Даже когда Дандасу приходилось задерживаться в Лондоне, он словно бы так и не покидал Эдинбурга. Он окружил себя земляками и добивался для них хороших должностей. Для него принадлежность к шотландскому народу уже была достоинством сама по себе, и плевать он хотел на сетования англичан насчет фаворитизма. Несмотря на то, что законотворчество, относившееся к Шотландии, составляло в Вестминстере лишь небольшую долю работы, он внимательно следил, чтобы все такие акты были приняты и одобрены без задержек. Он популяризировал эдинбургские идеи, прежде всего тем, что ввел в высочайшие политические круги отца экономики Адама Смита и запустил процесс образования, которому суждено было сделать Британию мировым первопроходцем в свободной торговле. Он стремился к новой концепции империи, выработанной философами эпохи Просвещения, не к той, что покоряет, оккупирует и колонизирует новые территории, но к той, что ведет мирную торговлю с автономными государственными образованиями туземцев. Он использовал все возможные способы, чтобы сделать шотландцев более богатыми, счастливыми и уважаемыми.

Дандас поднялся в правительстве нового Соединенного королевства выше, чем какой-либо другой шотландец в XVIII веке (если не вспоминать о графе Бьюте и его пагубном, но, к счастью, кратковременном пребывании на посту премьер-министра). Карьера Дандаса в Вестминстере длилась сорок лет, он стал там весьма влиятельным лицом. Тем не менее он никогда не обманывал себя в том, что сможет победить предубеждение англичан против шотландцев и возглавить правительство — второму шотландцу, которому это удалось (это был один из протеже Дандаса, граф Абердин), пришлось ждать 1850-х годов. Вместо этого Дандас верно служил премьер-министру Уильяму Питту-младшему, стал незаменимым в том кругу, который хранил Англию в страшные времена войн с революционной Францией до Трафальгарской битвы в 1805 году, когда Англия уже не могла проиграть, даже если окончательной победы пришлось бы ждать долго. Эта война затронула многие страны, и Дандас занимался вторым фронтом на востоке. Он сделал так, что Индия начала представлять для Великобритании не один экономический, но и политический, а также стратегический интерес. Таким образом, он не только остался патриотом Шотландии и британцем, но и стал гражданином мира. В честь него называли города от Канады до Австралии. Его влияние распространилось на пять континентов и семь морей.

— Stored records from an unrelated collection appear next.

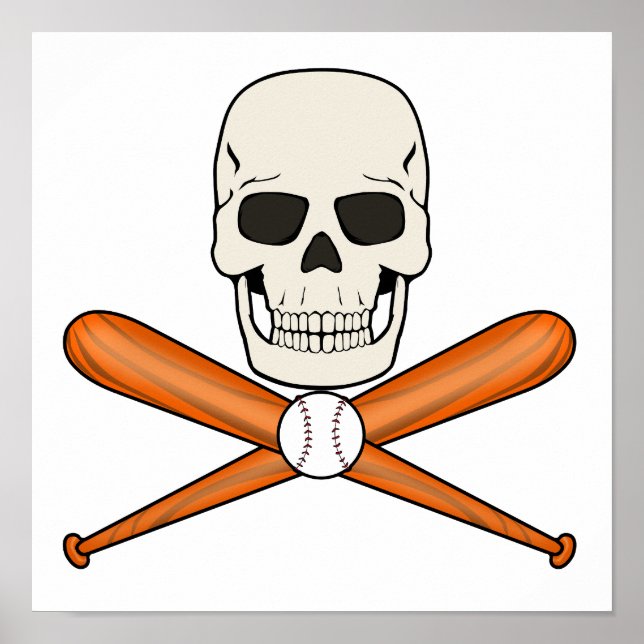 Poster CABEÇA DE MORTOS DE BEISBOL jolly Roger Download D (Frente)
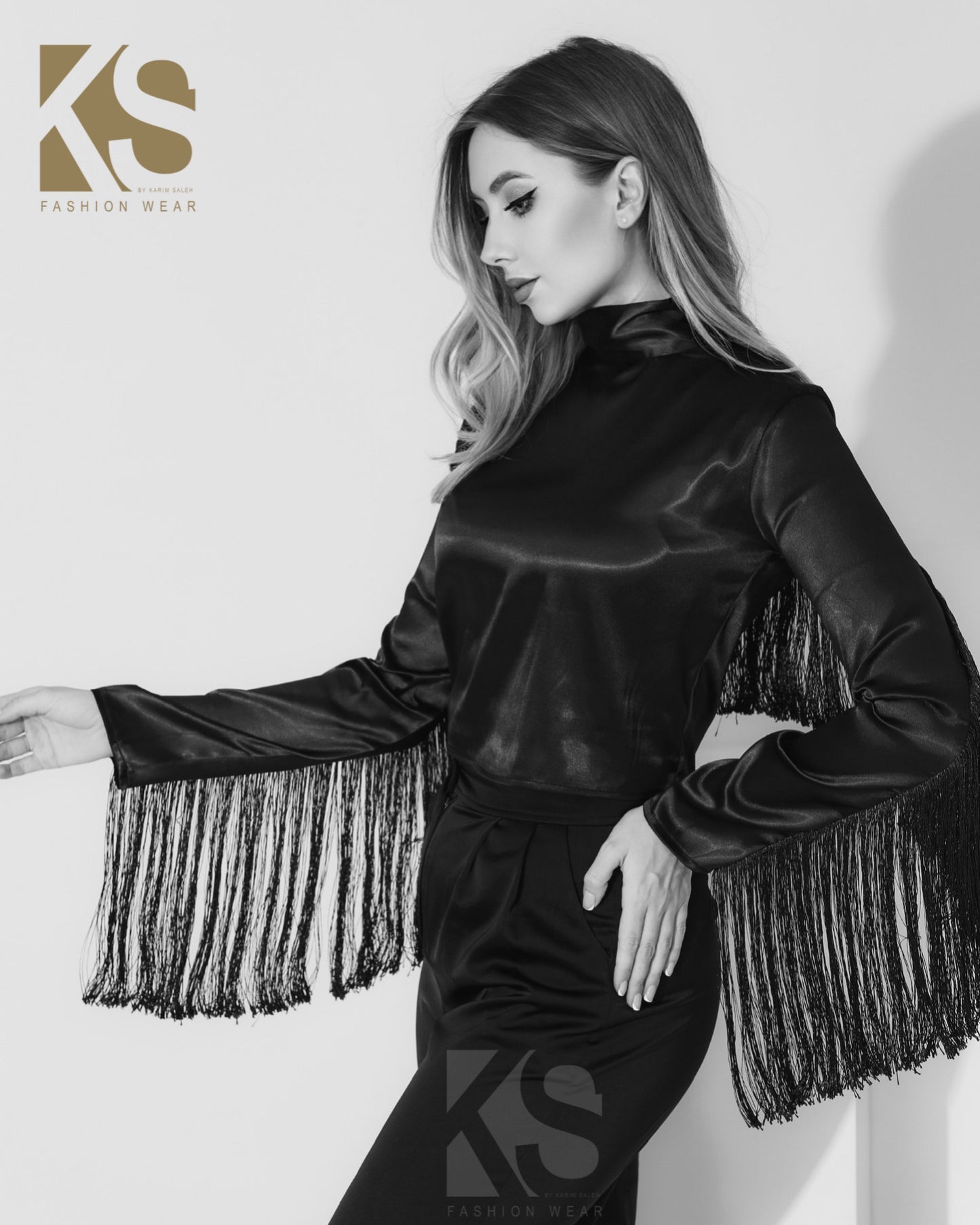 Fringed Blouse - Black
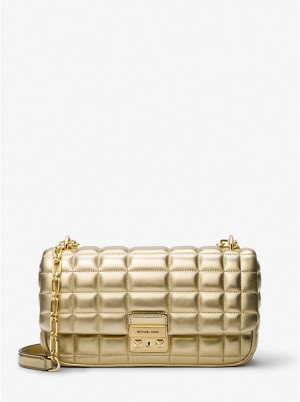 Michael Kors Tribeca Large Metallic Quilted Leather Naisten Crossbody Laukku Kultaiset | FIDFP1152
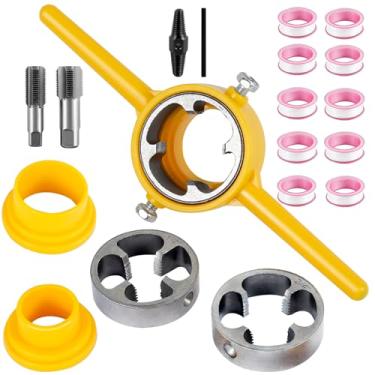 Imagem de Rosqueador de tubos de PVC, ferramenta de encanamento, rosqueador, kit de ferramentas de encanamento, tubo de plástico, redondo, reutilizável, conjunto de chaves de torneira de matriz, tubo de água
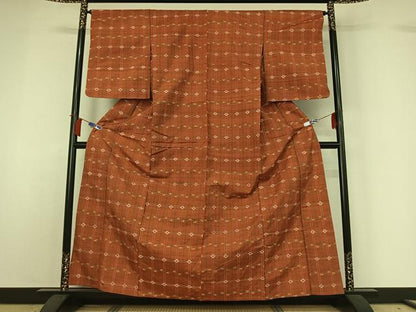 平和屋着物▽上質な紬　単衣　格子　正絹　逸品　AABH8523jh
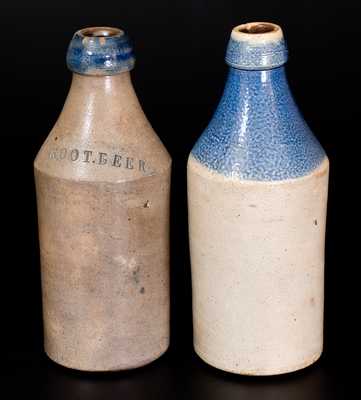 Lot of Two: Stoneware Bottles w/ Impressed Advertising and Cobalt Accents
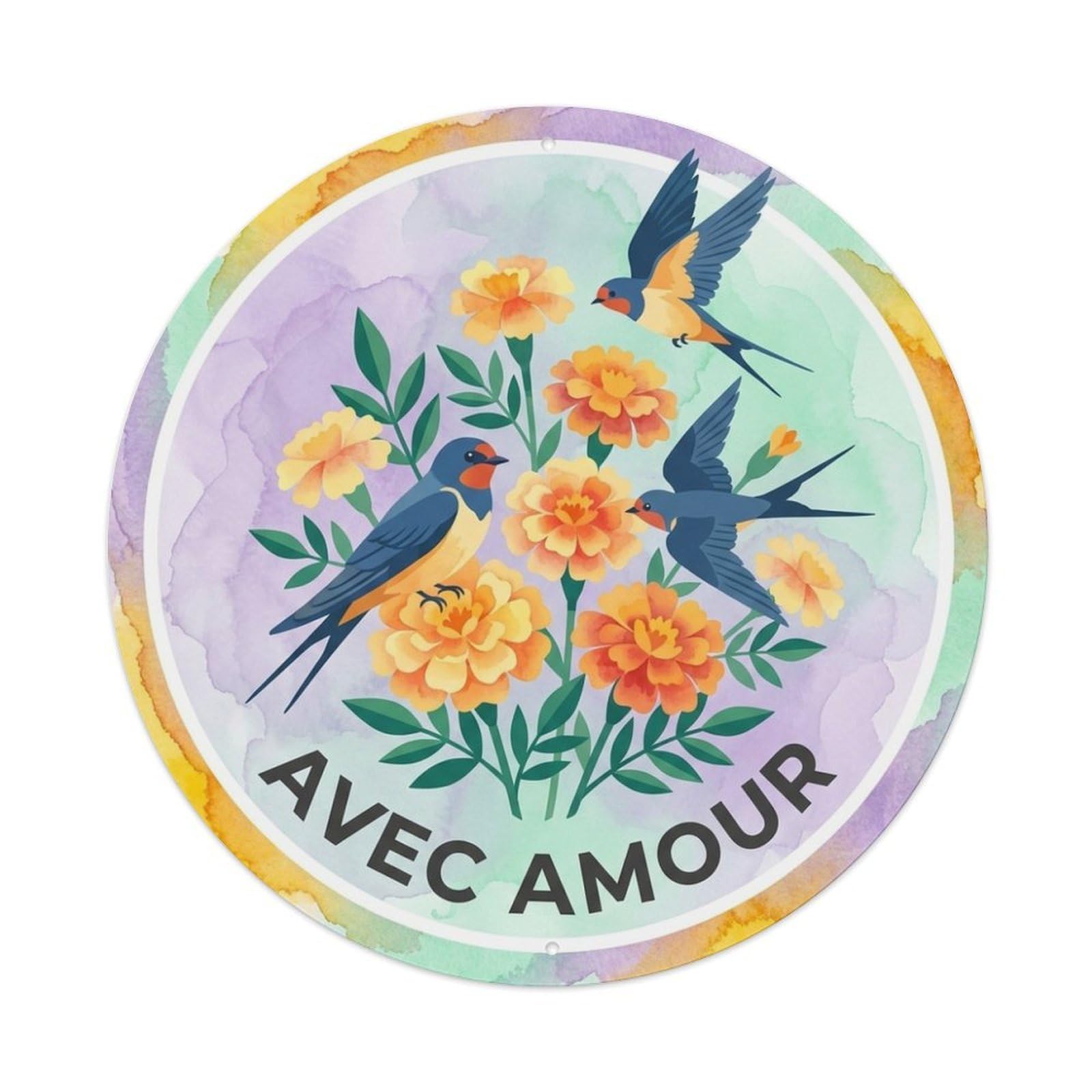 Watercolor Bird Slogan Avec Amour Marigold Metal Tin Sign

Подобно тому, какую роль личность Дандаса сыграла в истории Британской империи, его соотечественники как нация, после некоторых колебаний, в ключевых моментах успешно ассимилировались со своими южными соседями. Союзный договор в то время оставался неизменным, так что структура национальных институтов, сохранение статуса которых было гарантировано в 1707 году, была более или менее неприкосновенной. Но шотландцам не приходилось больше полагаться на них в защите своих интересов. Эта цель достигалась скорее благодаря общему преуспеванию в рамках Унии, на личном уровне, а также национальном (англичане считали шотландцев равными, чего ирландцы со времени присоединения к Соединенному королевству в 1801 году так и не добились вплоть до 1922-го), и даже на уровне империи, где бедный, но находчивый народ почти не встречал преград. Дандас, для которого были справедливы все эти утверждения, сам был воплощенным подтверждением того, как маленькая столица маленькой страны тем не менее может заставить других считаться с собой благодаря выдающимся личным качествам своих сынов, силе своих идей и масштабу целей.[173]

* * *

Босуэлл скорее умер бы, нежели признал, что следовал примеру Дандаса. Некоторые из отличий между ними по-прежнему бросались в глаза. В 1763 году Босуэлл «с огромным воодушевлением» в первый раз встретился со своим героем, доктором Сэмюэлом Джонсоном. Босуэлл представился, сказав: «Я действительно шотландец, но с этим ничего не поделаешь». Эти слова дали Джонсону возможность уколоть его, которой доктор немедленно и воспользовался: «Как я вижу, сэр, с этим очень многие ваши соотечественники не могут ничего поделать». Впоследствии они стали лучшими друзьями, хотя это лишь усилило раболепное англофильство Босуэлла. И все же при случайной встрече с Дандасом в Лондоне именно Босуэлл оказался большим патриотом. Дело было в 1783 году, Дандас спокойно реагировал на упреки Босуэлла в любви попокровительствовать землякам. Босуэлл спросил, почему Дандас согласился «торговать ими, как скотом». Дандас ответил: «Так лучше для страны, пусть и хуже для отдельных лиц. Поскольку, когда начнется борьба, у них будет возможность заполучить побольше для себя и своих друзей вне зависимости от действительных заслуг, тогда как должностное лицо должно распределять блага, руководствуясь высшими соображениями. Пост налагает определенную ответственность».[174]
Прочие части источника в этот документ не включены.